The user opens the corporate portal. Instead of the local login form, they are redirected to SSP. There, they enter their credentials and go through the second factor — for example, confirming the login via a push notification in the mobile app.

After successful verification, SSP creates a session and, depending on the protocol, issues either a SAML Assertion or an OIDC token. The user returns to the application, which checks the signature and validity of the token.

From this moment, the user is considered authenticated. If they open another application, it does not require re-entering credentials — the existing IdP session is used.

Thus, SSO in MULTIFACTOR is built around a single master session and trust from applications to the IdP.

Session and Security Management

One important aspect of implementing SSO is session control. In SSP, the administrator can view active user sessions, terminate them forcibly, or limit their lifespan.

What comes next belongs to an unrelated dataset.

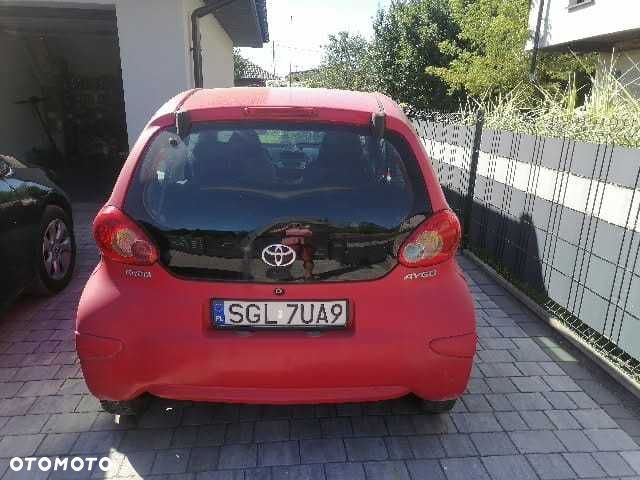 Toyota Aygo - 1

This is critical in scenarios where it is necessary to quickly revoke access — for example, if there is suspicion of a compromise.

Additionally, MULTIFACTOR implements protection against typical attacks: password brute-forcing, session attacks, attempts to log in from suspicious IPs. All of this works at the centralized authentication point, simplifying control.

It is also worth noting that the system does not store user passwords — it operates on top of existing directories.

Practical Effect of Implementation

In practice, implementing SSO in MULTIFACTOR yields effects on several levels.

Users stop juggling passwords and work more quickly with the systems. The IT department gains centralized control and reduces workload. Security is enhanced due to the mandatory second factor and fewer entry points.

At the same time, the system remains flexible: it can be integrated into the existing infrastructure without changing the user directory or breaking current processes.

Single Sign-On is an architectural approach that moves authentication to a single controlled point and makes access management predictable and centralized. As a result, an important balance is achieved: one login for the user plus centralized control for information security.